◆ Task input
══════════

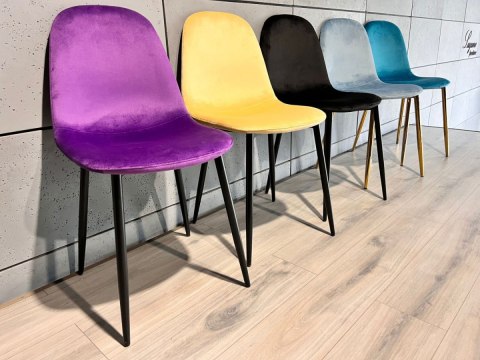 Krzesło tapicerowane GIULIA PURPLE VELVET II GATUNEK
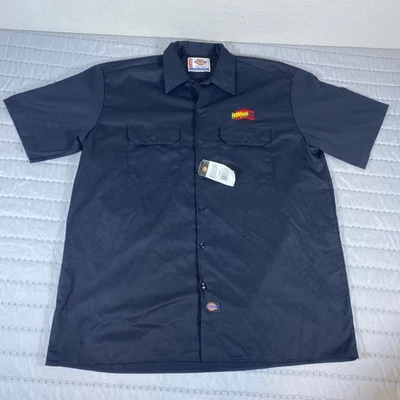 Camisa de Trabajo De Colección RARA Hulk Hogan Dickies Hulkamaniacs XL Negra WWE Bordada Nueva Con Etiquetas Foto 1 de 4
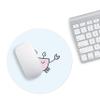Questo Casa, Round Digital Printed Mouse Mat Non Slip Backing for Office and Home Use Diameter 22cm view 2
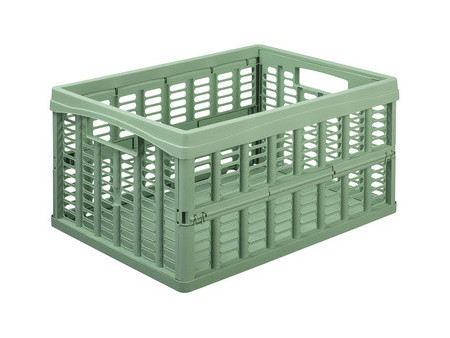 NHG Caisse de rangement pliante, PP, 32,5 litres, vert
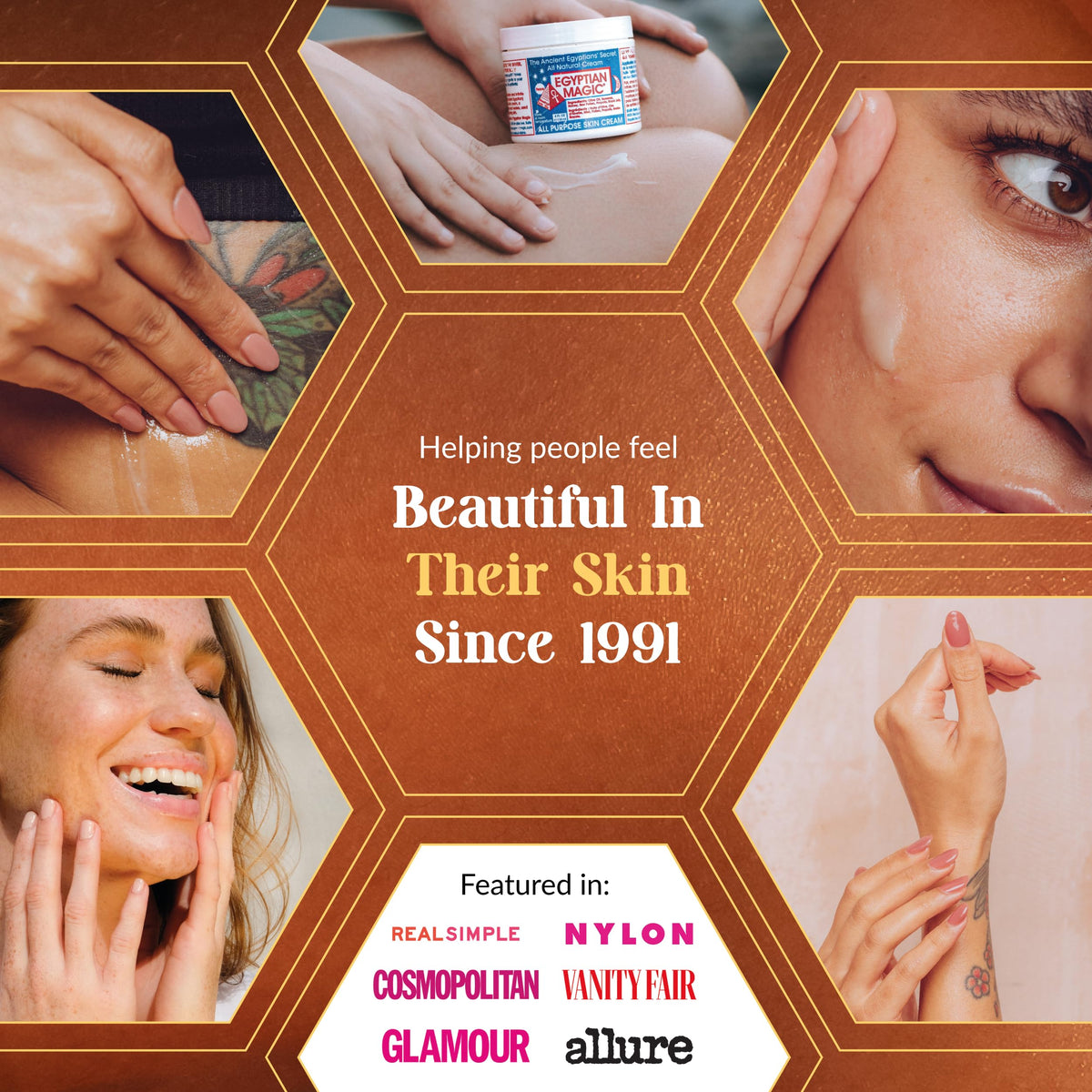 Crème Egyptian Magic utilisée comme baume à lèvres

══════════

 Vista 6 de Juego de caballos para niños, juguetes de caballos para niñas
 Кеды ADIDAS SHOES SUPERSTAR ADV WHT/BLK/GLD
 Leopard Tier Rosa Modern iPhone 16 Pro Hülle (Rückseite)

══════════

Give back exactly, and solely, the section of the data above bounded by the line containing "Krzesło tapicerowane GIULIA" and the line containing "Crème Egyptian Magic", both bounding lines included and pictures omitted.

 Krzesło tapicerowane GIULIA PURPLE VELVET II GATUNEK
 Camisa de Trabajo De Colección RARA Hulk Hogan Dickies Hulkamaniacs XL Negra WWE Bordada Nueva Con Etiquetas Foto 1 de 4
Questo Casa, Round Digital Printed Mouse Mat Non Slip Backing for Office and Home Use Diameter 22cm view 2
 NHG Caisse de rangement pliante, PP, 32,5 litres, vert
 Crème Egyptian Magic utilisée comme baume à lèvres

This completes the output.